Could you restate every record below word for word?

┄┄┄┄┄┄┄┄┄┄┄┄┄┄┄┄┄┄┄┄

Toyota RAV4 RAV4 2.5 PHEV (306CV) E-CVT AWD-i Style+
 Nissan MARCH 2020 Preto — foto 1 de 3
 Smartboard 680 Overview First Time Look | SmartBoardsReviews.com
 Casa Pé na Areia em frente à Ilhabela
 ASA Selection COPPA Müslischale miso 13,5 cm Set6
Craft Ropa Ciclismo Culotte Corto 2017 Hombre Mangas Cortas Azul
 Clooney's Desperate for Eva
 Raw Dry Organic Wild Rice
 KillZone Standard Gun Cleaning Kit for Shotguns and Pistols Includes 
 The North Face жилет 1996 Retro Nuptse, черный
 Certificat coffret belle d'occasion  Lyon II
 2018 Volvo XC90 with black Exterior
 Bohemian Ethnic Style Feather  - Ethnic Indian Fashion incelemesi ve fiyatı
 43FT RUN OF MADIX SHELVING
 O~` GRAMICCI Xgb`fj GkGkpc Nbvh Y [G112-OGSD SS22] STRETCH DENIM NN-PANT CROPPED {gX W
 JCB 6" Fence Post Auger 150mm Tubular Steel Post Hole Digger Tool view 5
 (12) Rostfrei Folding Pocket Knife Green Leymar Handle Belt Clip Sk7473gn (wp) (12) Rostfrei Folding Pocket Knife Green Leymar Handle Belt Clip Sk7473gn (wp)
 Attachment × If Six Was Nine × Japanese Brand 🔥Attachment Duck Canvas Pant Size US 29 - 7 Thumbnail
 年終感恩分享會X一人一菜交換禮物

┄┄┄┄┄┄┄┄┄┄┄┄┄┄┄┄┄┄┄┄

- RESULT -
Toyota RAV4 RAV4 2.5 PHEV (306CV) E-CVT AWD-i Style+
 Nissan MARCH 2020 Preto — foto 1 de 3
 Smartboard 680 Overview First Time Look | SmartBoardsReviews.com
 Casa Pé na Areia em frente à Ilhabela
 ASA Selection COPPA Müslischale miso 13,5 cm Set6
Craft Ropa Ciclismo Culotte Corto 2017 Hombre Mangas Cortas Azul
 Clooney's Desperate for Eva
 Raw Dry Organic Wild Rice
 KillZone Standard Gun Cleaning Kit for Shotguns and Pistols Includes 
 The North Face жилет 1996 Retro Nuptse, черный
 Certificat coffret belle d'occasion  Lyon II
 2018 Volvo XC90 with black Exterior
 Bohemian Ethnic Style Feather  - Ethnic Indian Fashion incelemesi ve fiyatı
 43FT RUN OF MADIX SHELVING
 O~` GRAMICCI Xgb`fj GkGkpc Nbvh Y [G112-OGSD SS22] STRETCH DENIM NN-PANT CROPPED {gX W
 JCB 6" Fence Post Auger 150mm Tubular Steel Post Hole Digger Tool view 5
 (12) Rostfrei Folding Pocket Knife Green Leymar Handle Belt Clip Sk7473gn (wp) (12) Rostfrei Folding Pocket Knife Green Leymar Handle Belt Clip Sk7473gn (wp)
 Attachment × If Six Was Nine × Japanese Brand 🔥Attachment Duck Canvas Pant Size US 29 - 7 Thumbnail
 年終感恩分享會X一人一菜交換禮物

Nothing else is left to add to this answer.